Could the 2024 Paris Olympic Games have been any weirder?

First, the opening ceremonies, long known for artistry and pageantry, shocked the world with what many saw as a grotesque mockery of the famous Da Vinci painting The Last Supper, which depicted Jesus’ final meal with his 12 apostles before his crucifixion. The Olympics hired a rogues’ gallery of what appeared to be overgrown “theater kids” who cavorted in sexualized ways in bizarre makeup and scanty clothing. 

Then the world watched as a male boxer from Algeria, Imane Khelif, punched his female opponent Angela Carini so hard she burst into tears and forfeited the match 46 seconds in. What, you say? That’s right. Despite indignant and angry accusations of “transphobia” from the Olympics and many on the left, Imane Khelif has XY chromosomes, confirming that he is a male despite being allowed to compete in women’s boxing.

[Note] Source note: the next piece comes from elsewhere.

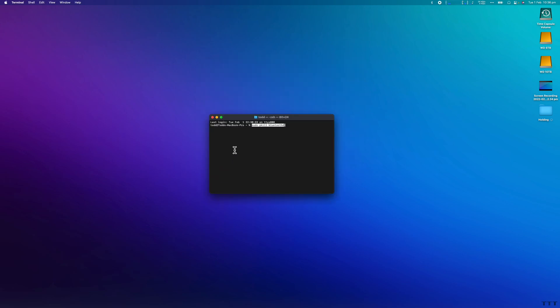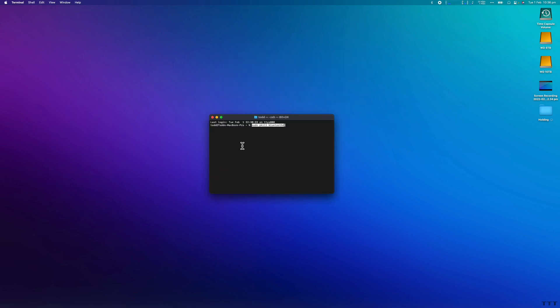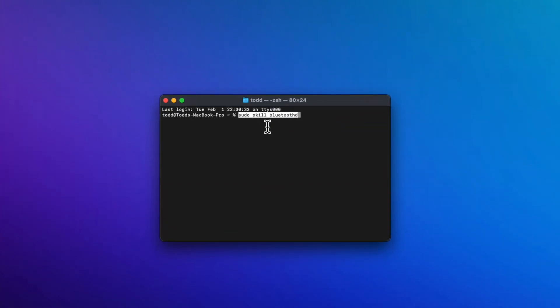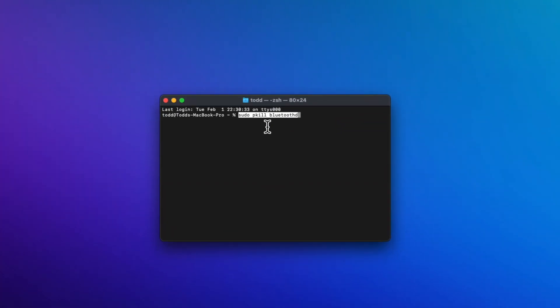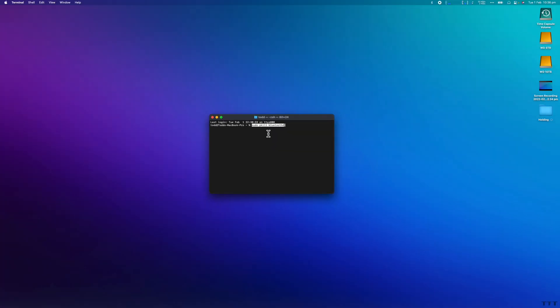then pasting the following command: sudo pkill bluetoothd. Hit Enter, type in your password. Your password will not show, so don't freak out. Hit Enter again,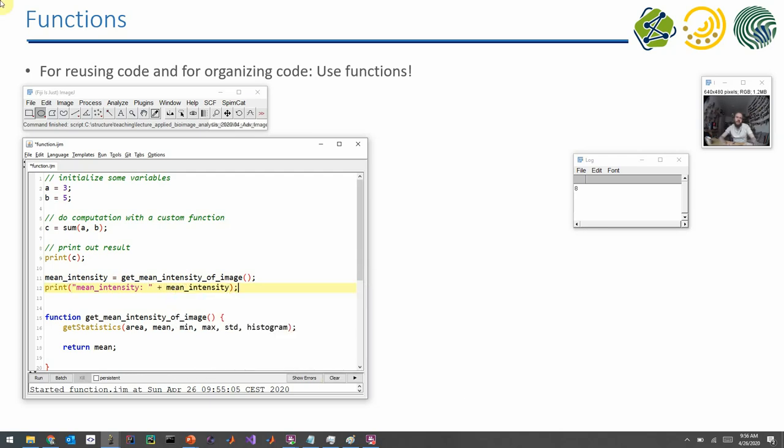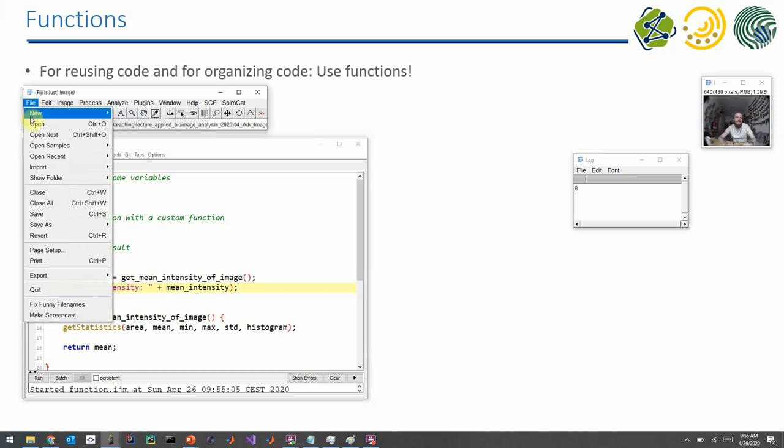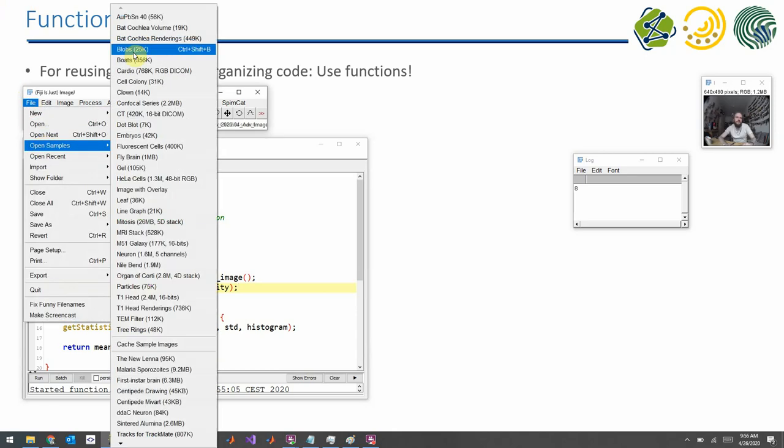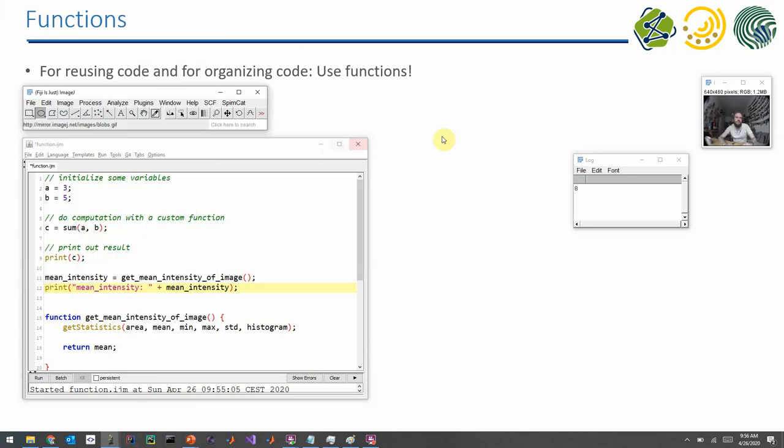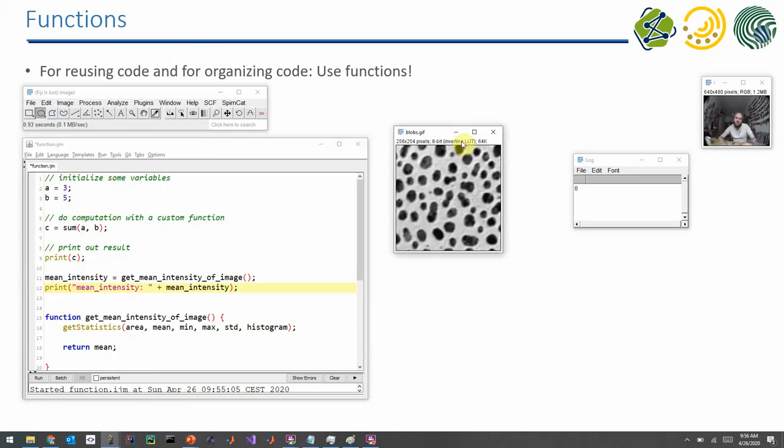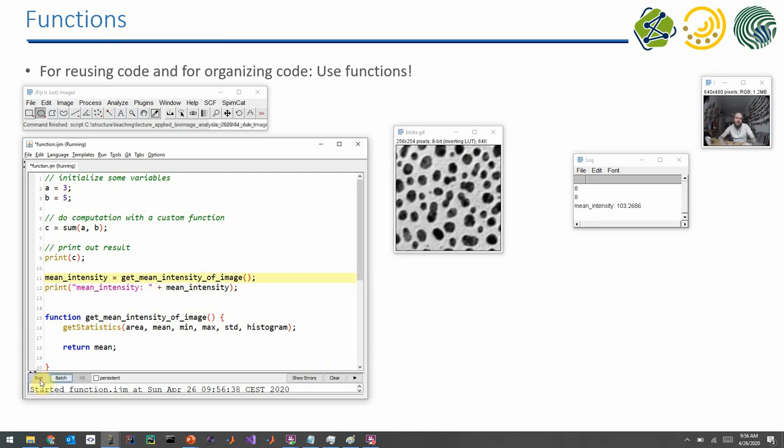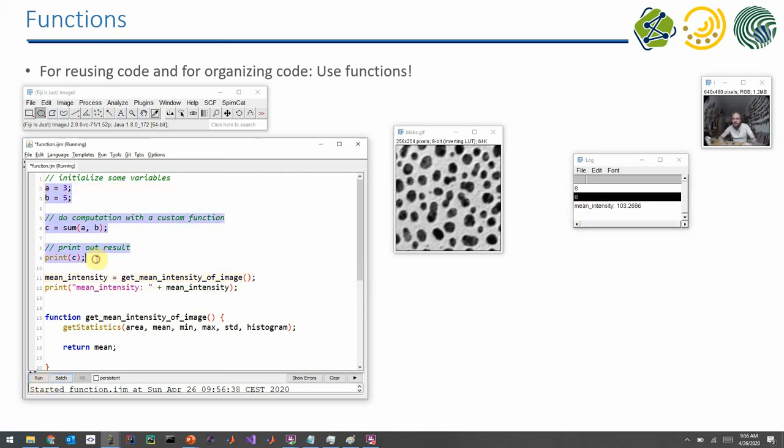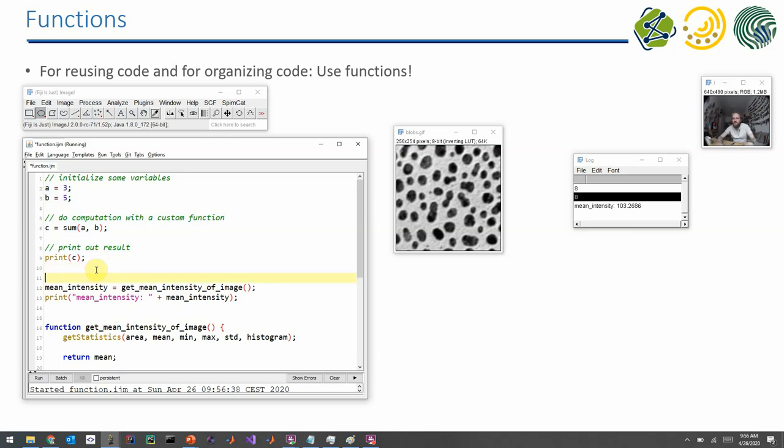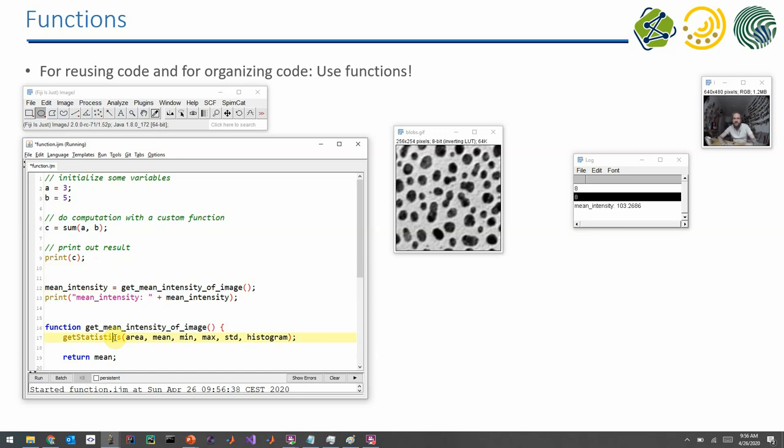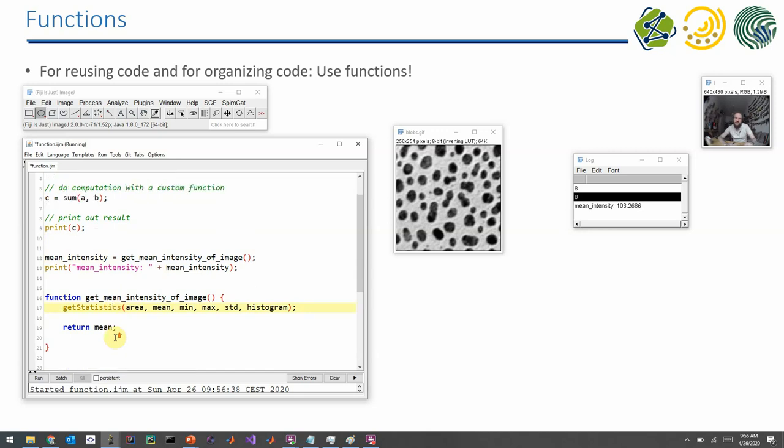So this is what makes functions so practical, right? And therefore I need an image. And if I execute this program, it again outputs the number 8 because it's still calculating the sum for me. And afterwards it outputs the mean intensity because it calls the get mean intensity method.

Now comes Australian breakdancer Rachael “Raygun” Gunn, who stunned the world with a display of, well, it was not athletic virtuosity. The 36-year-old performed a breakdancing routine that struck most viewers as an amateurish, unskilled bit of writhing. Indeed, anyone who was alive during the 1980s can easily recall young children with more skilled moves than what Raygun displayed in Paris. 

Now angry fans are launching an online petition accusing the competitor and her husband of rigging the process by which finalists are selected for Olympic competition. They accuse her of creating her own fake “governing body” for the breakdancing sport in her native Australia. The accusers say Gunn won her own qualifying contest that she set up herself with her husband’s help, and that his presence as the coach for the Olympics’ breakdancing team was a conflict of interest. 

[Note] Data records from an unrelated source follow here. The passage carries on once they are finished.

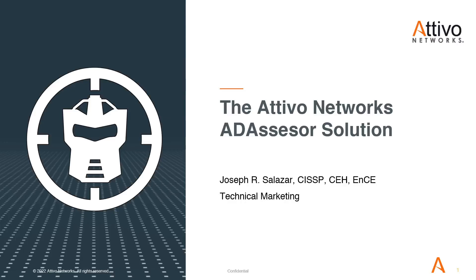Hello, my name is Joseph Salazar, technical marketing for Ativo Networks, and I'm going to briefly demonstrate the Ativo Networks AD Assessor Solution.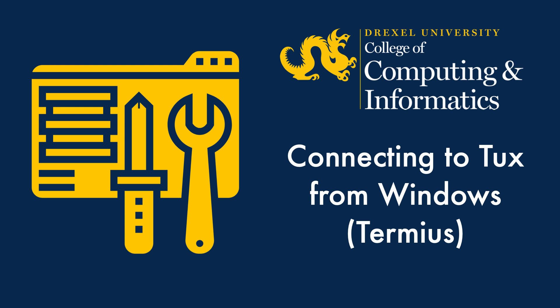Hello and welcome to a CCI Commons instructional video. Today's topic is connecting to Tux from Windows using the Termius client.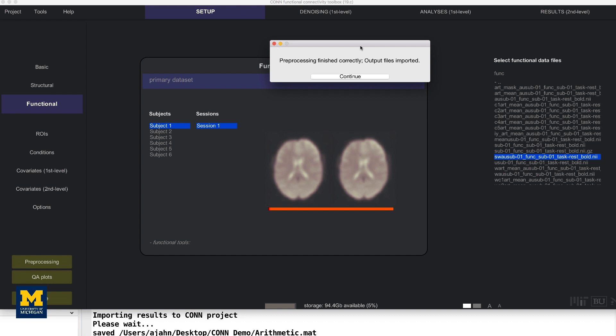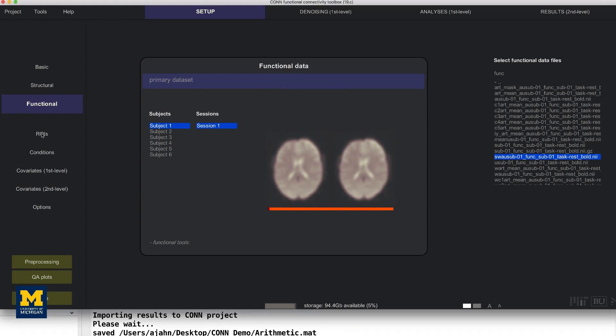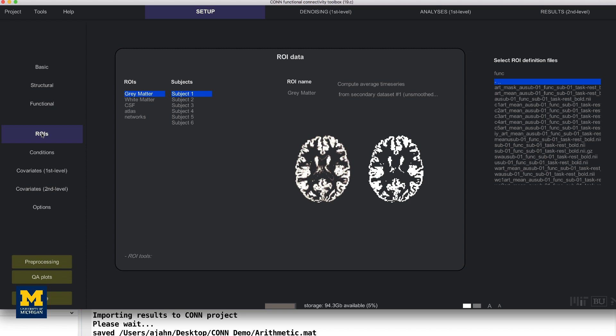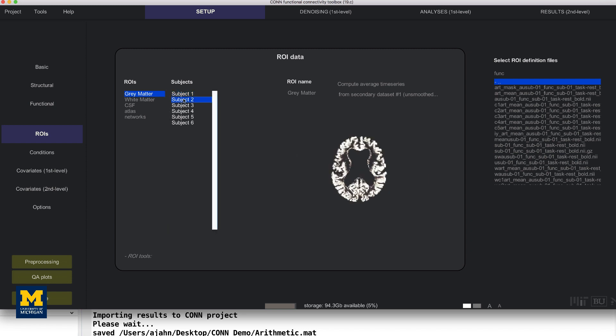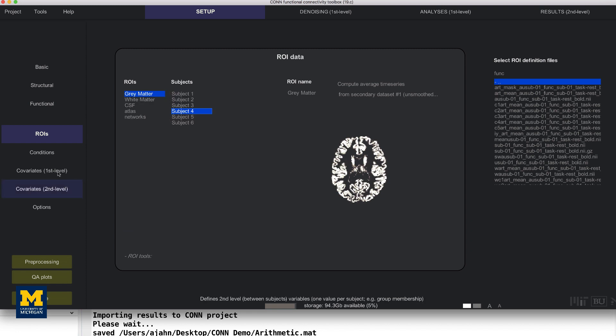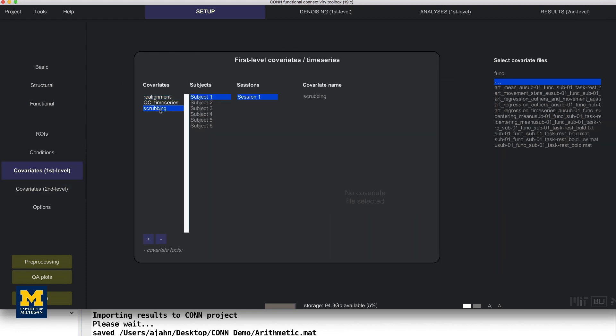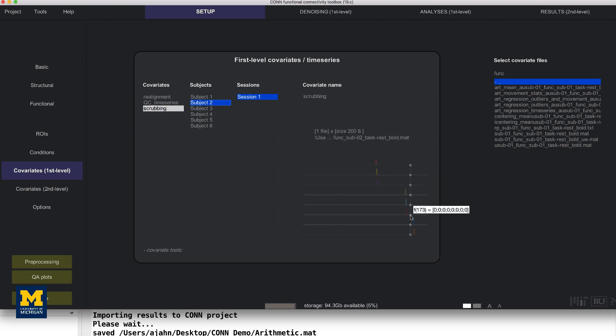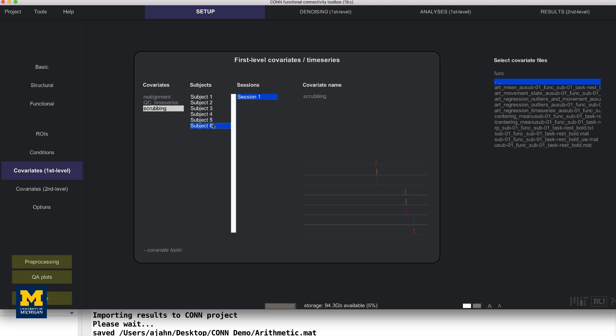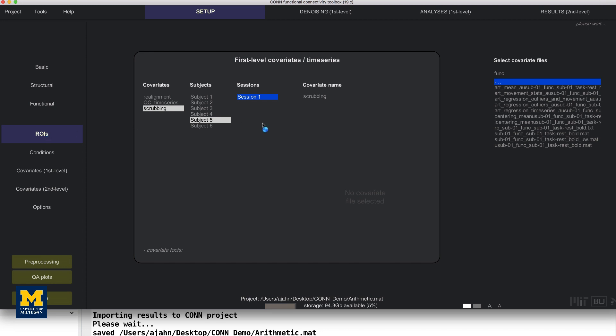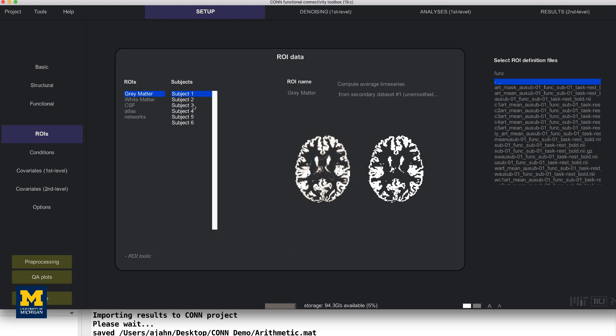When it has finished, check the ROIs and covariates first-level tabs, this time scrolling through each subject. Subject 2, for example, if we look at the scrubbing field, has 1, 2, 3, 4, 5, 6, 7, 8 volumes that have been marked as outliers. Each of these marked volumes will be inserted as a regressor into that subject's first-level design matrix. This is also called scrubbing, which removes their variance from the rest of the time series. I'm not going to go through all the subjects here, but just like we did with the first-level analysis, you should check each one to make sure that everything was segmented appropriately.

But it’s next to impossible to figure out what’s true and what’s fiction. Many media outlets are claiming the accusations against Gunn are not true, but they are basing it on reports from media outlets known to have a pronounced leftwing bias, such as Vox. Such outlets frequently defend what most people find indefensible if the conduct is performed by a member of a favored “oppressed minority.”

Newsweek is one outlet that relied on Vox’s reporting, and has made up its mind that Gunn did nothing wrong, signing off its article by asking rhetorically if Gunn “manipulated her way” into the games? Its answer? “Absolutely not.”